This seems to be an issue with too many messages being put in an OrderedMessageChannel at a time. The MessageIndex u16 indicates an upper limit of a single channel would be 2^15 (32768) or less.

Case 2:

thread 'main' panicked at 'Write overflow!', /home/piotrek/.cargo/registry/src/github.com-1ecc6299db9ec823/naia-serde-0.18.0/src/bit_writer.rs:92:13
stack backtrace:
   0: rust_begin_unwind
             at /rustc/2c8cc343237b8f7d5a3c3703e3a87f2eb2c54a74/library/std/src/panicking.rs:575:5
   1: core::panicking::panic_fmt
             at /rustc/2c8cc343237b8f7d5a3c3703e3a87f2eb2c54a74/library/core/src/panicking.rs:64:14
   2: <naia_serde::bit_writer::BitWriter as naia_serde::bit_writer::BitWrite>::write_bit
   3: naia_client::connection::channel_tick_buffer_sender::ChannelTickBufferSender::write_message
   4: naia_client::connection::channel_tick_buffer_sender::ChannelTickBufferSender::write_messages
   5: naia_client::connection::tick_buffer_sender::TickBufferSender::write_messages
   6: naia_client::connection::connection::Connection<E>::send_outgoing_packets
   7: naia_client::client::Client<E>::receive
   8: bevy_ecs::world::World::resource_scope

This one seems to have been caused by Client->Server ping of ~7 seconds. In which case, the redundant message sending every tick probably flooded the channel past the ~400 byte limit. However, much of that code already has assert checks the whole way while writing the packet to make sure it doesn't overflow the limit (or throws a helpful error when it does) so how this got through is curious..

dycoon commented 11 months ago

When I tried to implement a game that spawns a large number of NPCs, I got the following error.

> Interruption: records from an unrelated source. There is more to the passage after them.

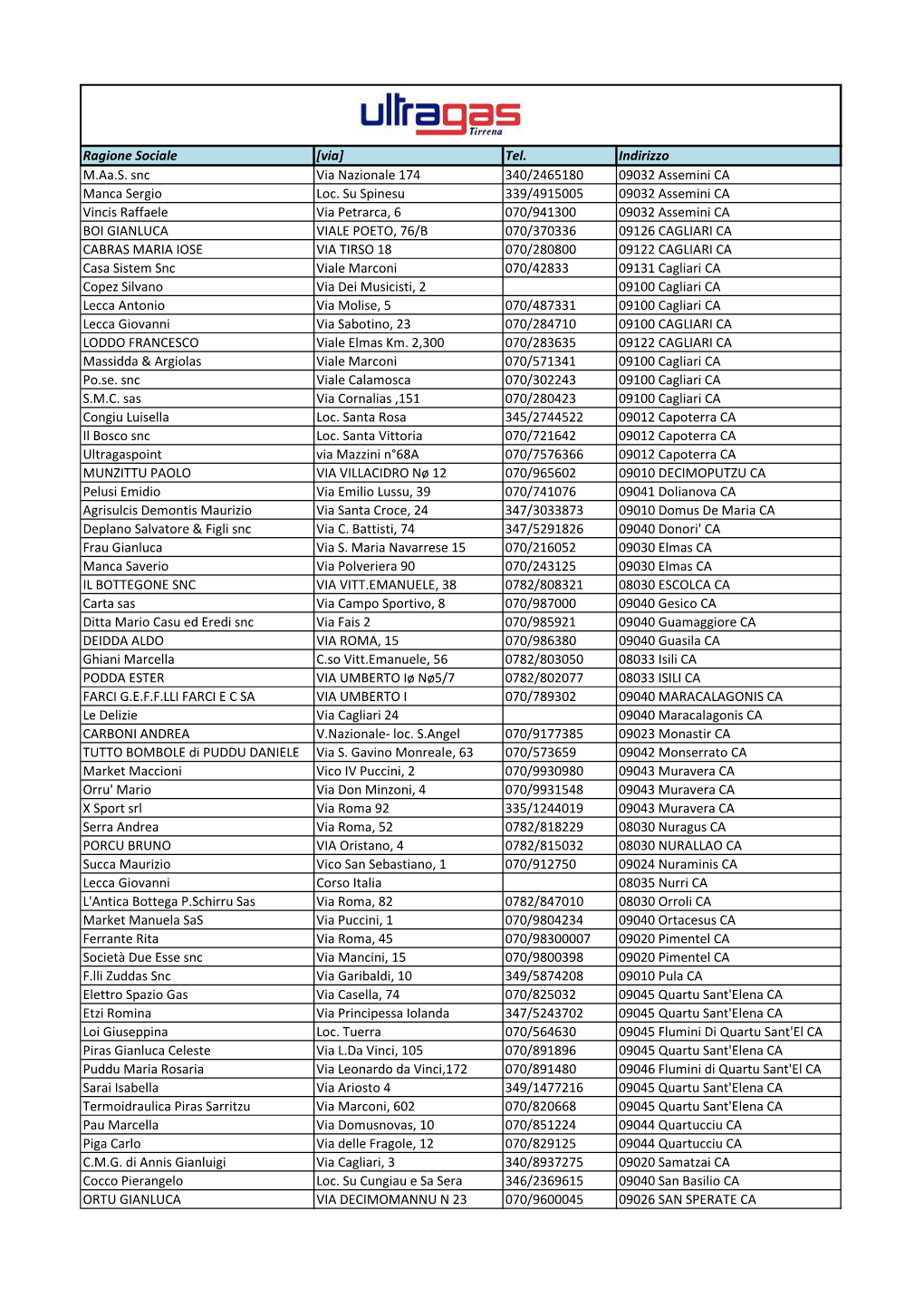 Elenco Rivenditori BB Al 25-10-14.Pdf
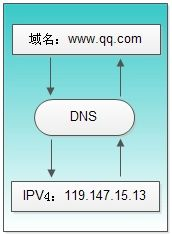 深入了解DNS解析过程，一步步查看DNS如何工作插图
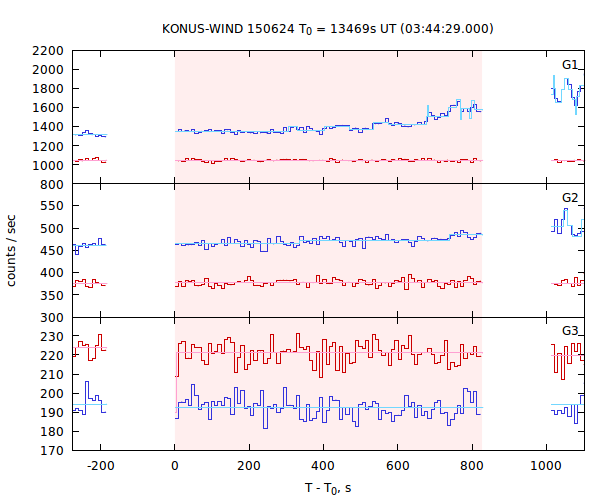 light curves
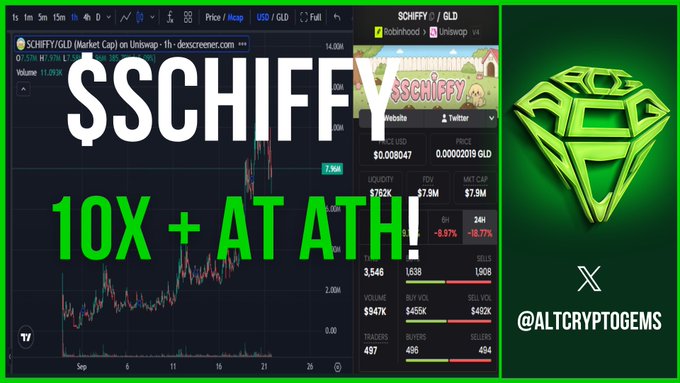 The image shows a price chart for $SCHIFFY/GLD on Uniswap with a 0.35% buy/sell tax, displaying a 67.37% 24-hour increase and an all-time high marked on the chart. The accompanying caption highlights that $SCHIFFY finally took off this week, aligning with the visible price surge to its ATH shown in the TradingView-style graph.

thread 'main' panicked at 'Write overflow!', **home**\.cargo\registry\src\github.com-1ecc6299db9ec823\naia-serde-0.18.0\src\bit_writer.rs:92:13
stack backtrace:
   0: std::panicking::begin_panic_handler
             at /rustc/9eb3afe9ebe9c7d2b84b71002d44f4a0edac95e0/library\std\src\panicking.rs:575
   1: core::panicking::panic_fmt
             at /rustc/9eb3afe9ebe9c7d2b84b71002d44f4a0edac95e0/library\core\src\panicking.rs:64
   2: naia_serde::bit_writer::impl$1::write_bit
             at  **home**\.cargo\registry\src\github.com-1ecc6299db9ec823\naia-serde-0.18.0\src\bit_writer.rs:92
   3: naia_shared::world::host::host_world_writer::HostWorldWriter::write_updates
             at  **home**\.cargo\registry\src\github.com-1ecc6299db9ec823\naia-shared-0.21.0\src\world\host\host_world_writer.rs:452
   4: naia_shared::world::host::host_world_writer::HostWorldWriter::write_into_packet<bevy_ecs::entity::Entity,naia_bevy_shared::world_proxy::WorldRef>
             at **home**\.cargo\registry\src\github.com-1ecc6299db9ec823\naia-shared-0.21.0\src\world\host\host_world_writer.rs:48
   5: naia_server::connection::connection::Connection<bevy_ecs::entity::Entity>::send_outgoing_packets<bevy_ecs::entity::Entity,naia_bevy_shared::world_proxy::WorldRef>
             at **home**\.cargo\registry\src\github.com-1ecc6299db9ec823\naia-server-0.21.0\src\connection\connection.rs:179
   6: naia_server::server::Server<bevy_ecs::entity::Entity>::send_all_updates<bevy_ecs::entity::Entity,naia_bevy_shared::world_proxy::WorldRef>
             at **home**\.cargo\registry\src\github.com-1ecc6299db9ec823\naia-server-0.21.0\src\server.rs:343
   7: naia_bevy_server::systems::before_receive_events::closure$0
             at **home**\.cargo\registry\src\github.com-1ecc6299db9ec823\naia-bevy-server-0.21.0\src\systems.rs:178
   8: bevy_ecs::world::World::resource_scope<naia_server::server::Server<bevy_ecs::entity::Entity>,tuple$<>,naia_bevy_server::systems::before_receive_events::closure_env$0>
...

I think you should write the finish bit after the releasing bit. otherwise, we will run out of buffers. I avoid this error as below.

https://github.com/naia-lib/naia/commit/a2edc813599d23acf061022bed00f23426850821

However, when I attempted to apply the same change to all place of writer.release_bits(1), I encountered another 'Write overflow!' error. I'm not sure what the correct fix is, but I hope this information helps in resolving the issue.